Directions. Pictures left aside, return the lines below exactly, from the one with "The surrender of" to the end, including both ends.
== Segment start ==
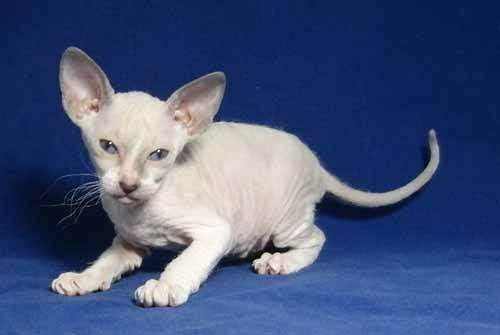 猫的品种哪个最便宜,猫的种类和价格排序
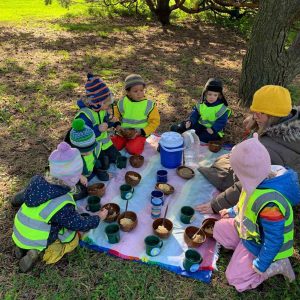 Tamarack Waldorf School | Brady ST BID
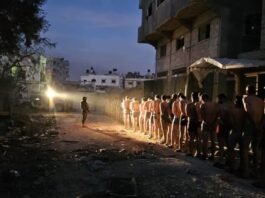 The surrender of dozens of terrorists underscores the complex nature of the conflict. It suggests that the IDF's advances and strategic operations may be impacting Hamas's ability to maintain cohesion and control
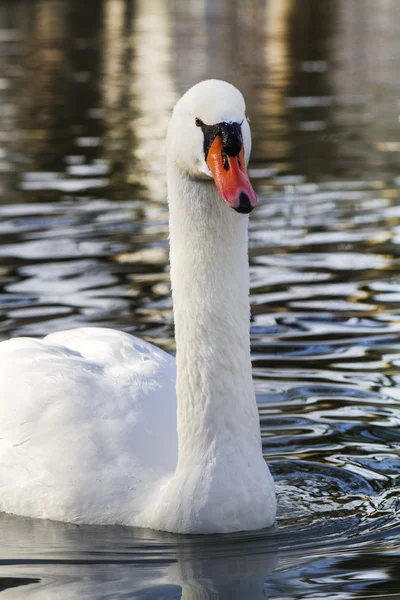 Krásná bílá labuť plavání na jezeře — Stock fotografie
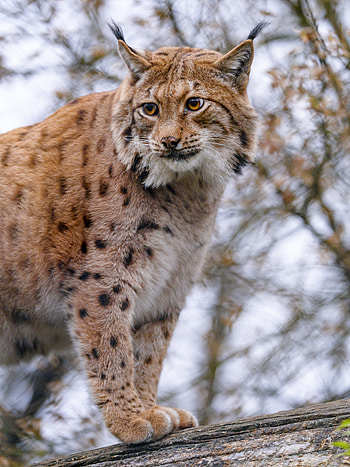 Animals, Iris, Brown, Big Cat, Wildlife, Animal HD phone wallpaper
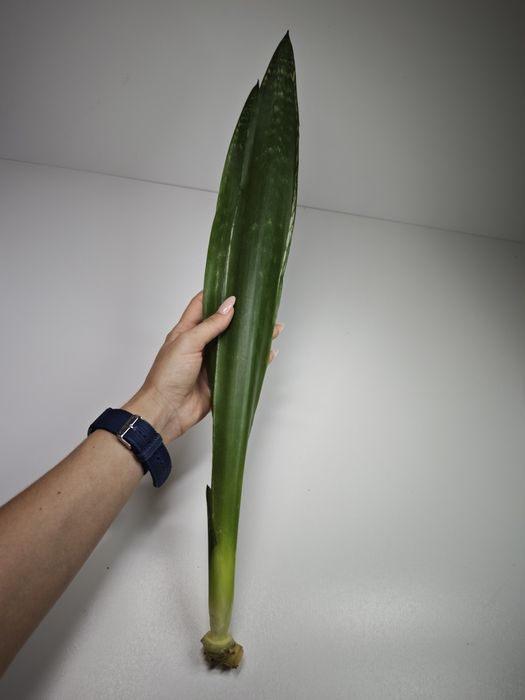 Sansevieria Banded Nelsoni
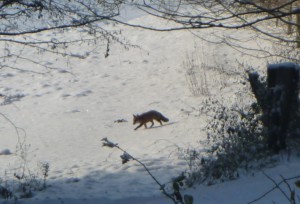 Fuchs im Winterwald (c) Sibylle Susat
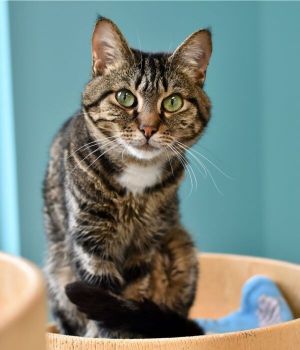 Max is part of the Kitty Keeper program Max was adopted as a kitten a few years ago but never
== Segment end ==
Result of this exercise.
 The surrender of dozens of terrorists underscores the complex nature of the conflict. It suggests that the IDF's advances and strategic operations may be impacting Hamas's ability to maintain cohesion and control
 Krásná bílá labuť plavání na jezeře — Stock fotografie
 Animals, Iris, Brown, Big Cat, Wildlife, Animal HD phone wallpaper
 Sansevieria Banded Nelsoni
 Fuchs im Winterwald (c) Sibylle Susat
 Max is part of the Kitty Keeper program Max was adopted as a kitten a few years ago but never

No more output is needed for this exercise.